Every line of the data below must be output exactly, with images left out.
---- Information given
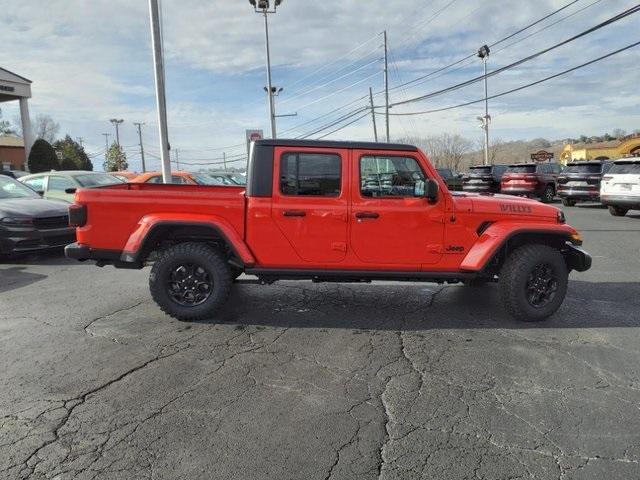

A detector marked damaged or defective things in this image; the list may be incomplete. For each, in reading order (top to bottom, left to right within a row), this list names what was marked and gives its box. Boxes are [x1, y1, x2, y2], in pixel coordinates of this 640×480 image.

cracked asphalt [1, 206, 640, 480]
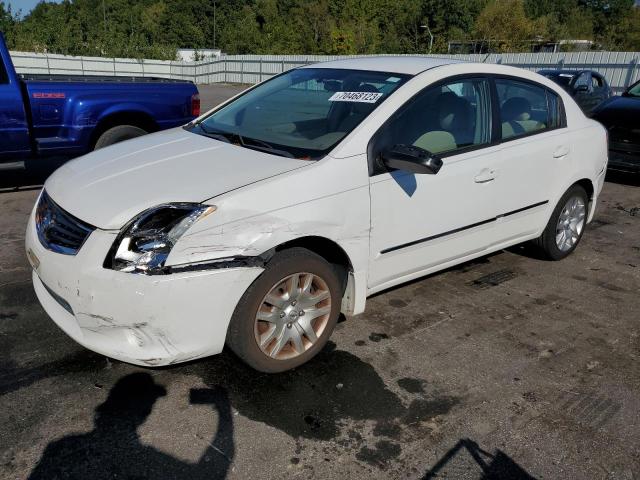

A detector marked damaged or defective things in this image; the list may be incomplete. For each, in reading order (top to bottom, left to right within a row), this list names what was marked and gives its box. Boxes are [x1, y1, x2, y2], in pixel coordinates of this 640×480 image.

front bumper damage [25, 211, 262, 368]
cracked headlight [105, 204, 215, 276]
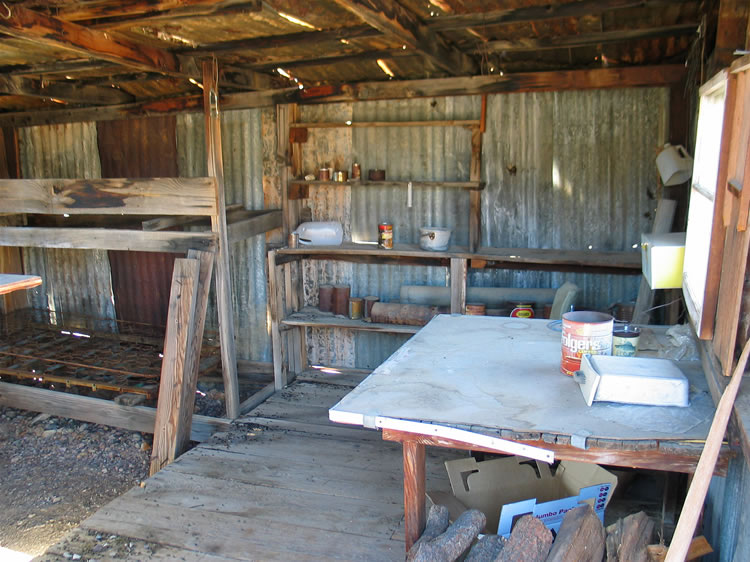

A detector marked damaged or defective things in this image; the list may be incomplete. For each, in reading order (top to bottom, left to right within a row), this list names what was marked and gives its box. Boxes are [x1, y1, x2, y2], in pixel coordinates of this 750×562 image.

rusty tin can [378, 222, 396, 248]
--------
_Problem solution_.
A detector marked damaged or defective things in this image; the list may be incomplete. For each, in reading order (top to bottom, left to right within a row), this list names what was marked and gives its box. Boxes are [x1, y1, x2, y2], in pixel coordinates of this 640×480 image.

cracked asphalt [1, 206, 640, 480]

A detector marked damaged or defective things in this image; the list may be incomplete. For each, in reading order (top to bottom, left to right within a row), this list names what was marked and gives its box. Boxes are [x1, y1, x2, y2], in pixel coordinates of this 640×480 image.

front bumper damage [25, 211, 262, 368]
cracked headlight [105, 204, 215, 276]

A detector marked damaged or defective things in this image; the list may be incomplete. For each, in reading order (top to bottom, left to right within a row), this list names what was marked and gives its box. Boxes are [x1, y1, x2, y2], in pixel coordinates of this 750×562 image.

rusty tin can [378, 222, 396, 248]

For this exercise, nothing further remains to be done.